Friday, August 15, 2014

Like Selling the Vatican

I recently finished reading "The Bedwetter: Stories of Courage, Redemption and Pee". It's Sarah Silverman's book about her life and comedy career.

Personally, I think it is a nice read.

In the book, she wrote about a video she produced, "Sell the Vatican, Feed the World". It's on YouTube. I haven't really seen it myself. I don't think I really need to. If I get around to it, I'll see it. But I do not have an overarching need to see it. Sarah's art is way too graphic for me sometimes. But Sarah herself to me is cool.

Anyway, she immediately got Internet-whooped about "Sell the Vatican, Feed the World". Most netizens launched relentless tirades against her Jewishness, a fact that, she confided in her book, confounds her.

None of those aforementioned comments that she included in her book recognized what question she was actually posing and the fact that it was all being done in the name of comedy.

Why so serious, people?

Anyway, I wrote Sarah my own reply:

Sarah, speaking to you as your fellow human being, it's not as easy as it looks!

You know, there are also people within the Catholic Church and within Christendom in general who voice the same opinion - why don't we sell the Vatican and feed the world? 

Most of the treasures over there possess a profoundly religious and cultural value such as priceless works of art, ancient books, rare manuscripts and Christian artifacts. There are also many items used in our rites and have resonance in our history and our memory. All of them the Vatican keeps in behalf of the whole Church. All of them have the weight of sacred tradition.

If they didn't we'd have auctioned them off ages ago, I think.

Plus, the Vatican is the seat of our Holy Father, the Bishop of Rome.

It's a fine thing, your sentiment. And in essence I feel you, I see what you're saying. I also see in the humanity of others, the urgency of the need to raise many of us who are trapped in poverty to the dignity proper to the human person. But we should be wary of simple solutions to complex social problems, I think.

Perhaps you too have become quite frustrated about the widespread hunger problem we face as a planet, because truly, it can be very daunting.

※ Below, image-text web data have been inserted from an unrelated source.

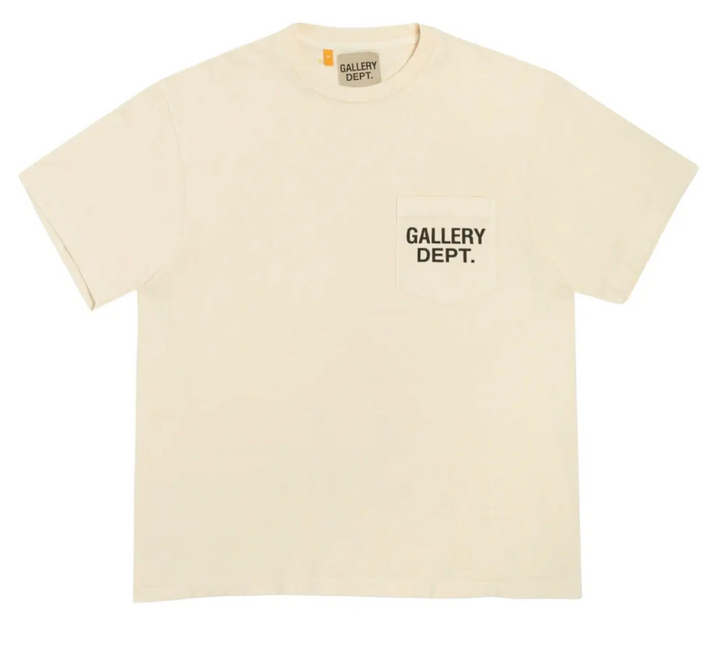 Gallery Dept. Logo Pocket Cream Tee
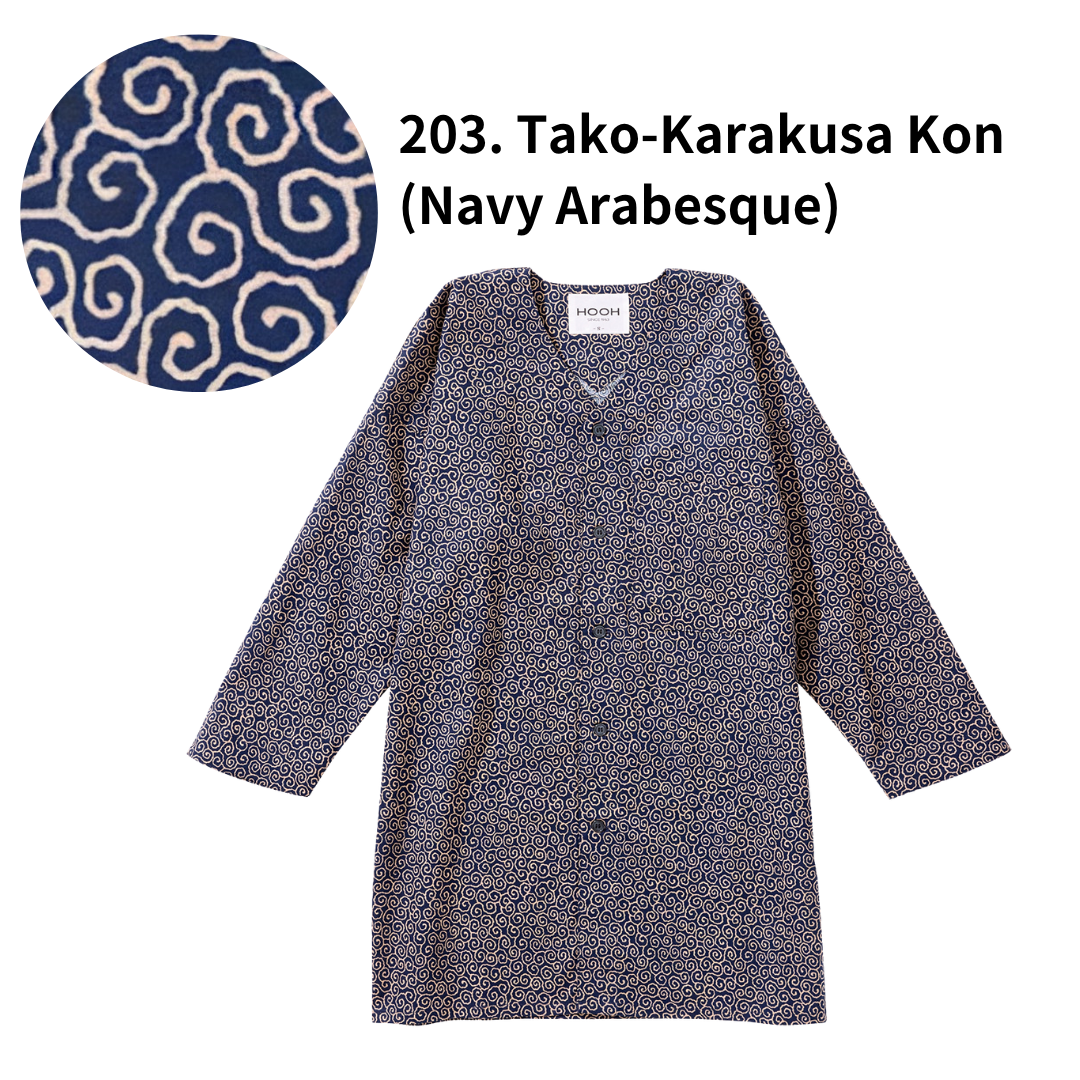Traditional Japanese Workwear Koi-guchi Shirt - Authentic Wagara Cotton Top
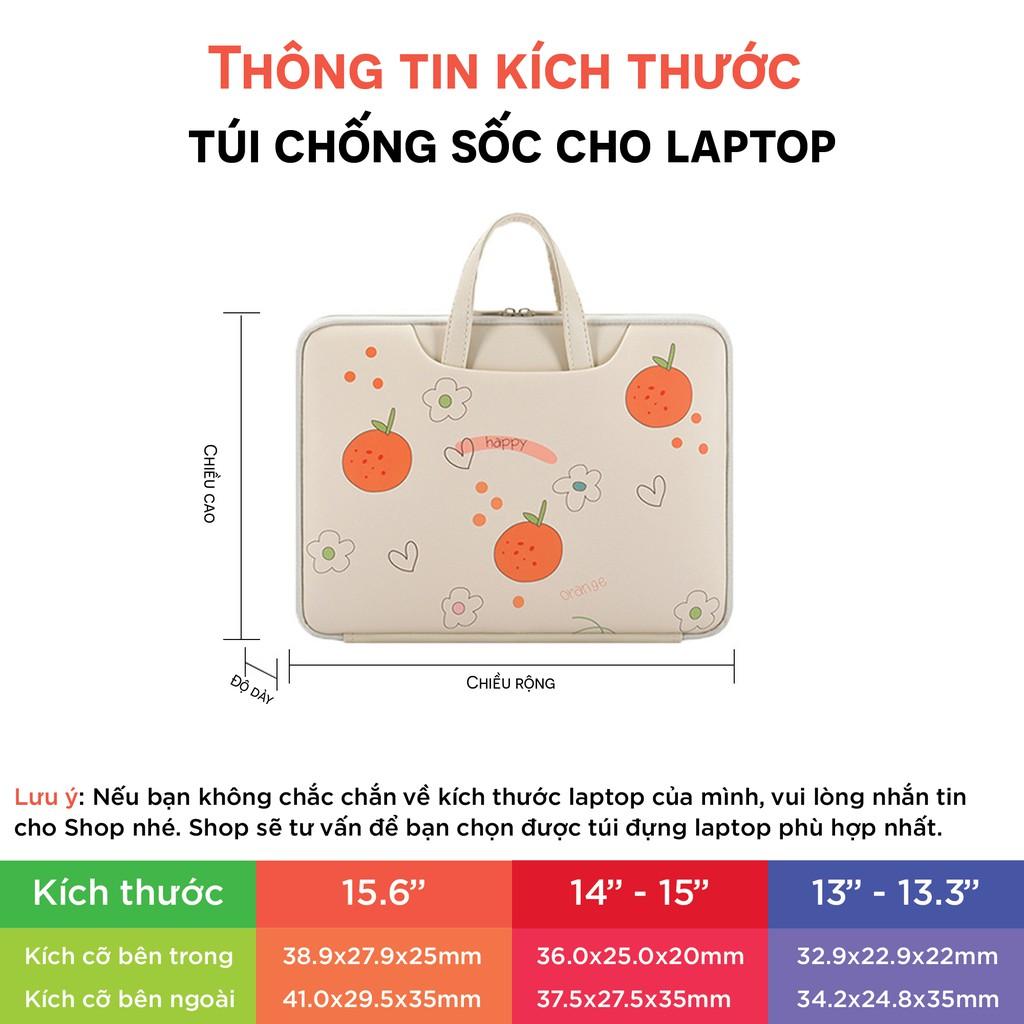 (Hàng có sẵn) Túi chống sốc laptop macbook ipad từ 13 inch đến 15.6 inch - Túi đựng Laptop có quai cầm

Here in the Philippines, religion is a reliable ally against it, and rallied properly, is a powerful force for positive change.

Losing the Vatican would be devastating to us Catholics, Sarah. The local effects here in the Philippines of selling the Vatican would be very sad and very real.

Our Church is not perfect, I admit. Even some priests these days find themselves losing their own faith. They fall (as we do in the Laity) and at times they fail, some priests as you know, fail so terribly that it scandalizes the whole Church. But of the bad ones, we also have good priests - and one good priest in a parish is worth a dozen rotten ones, maybe even more. I know this. I thank God each day I remember how blessed we are by the good and faithful priest who serve in our parish.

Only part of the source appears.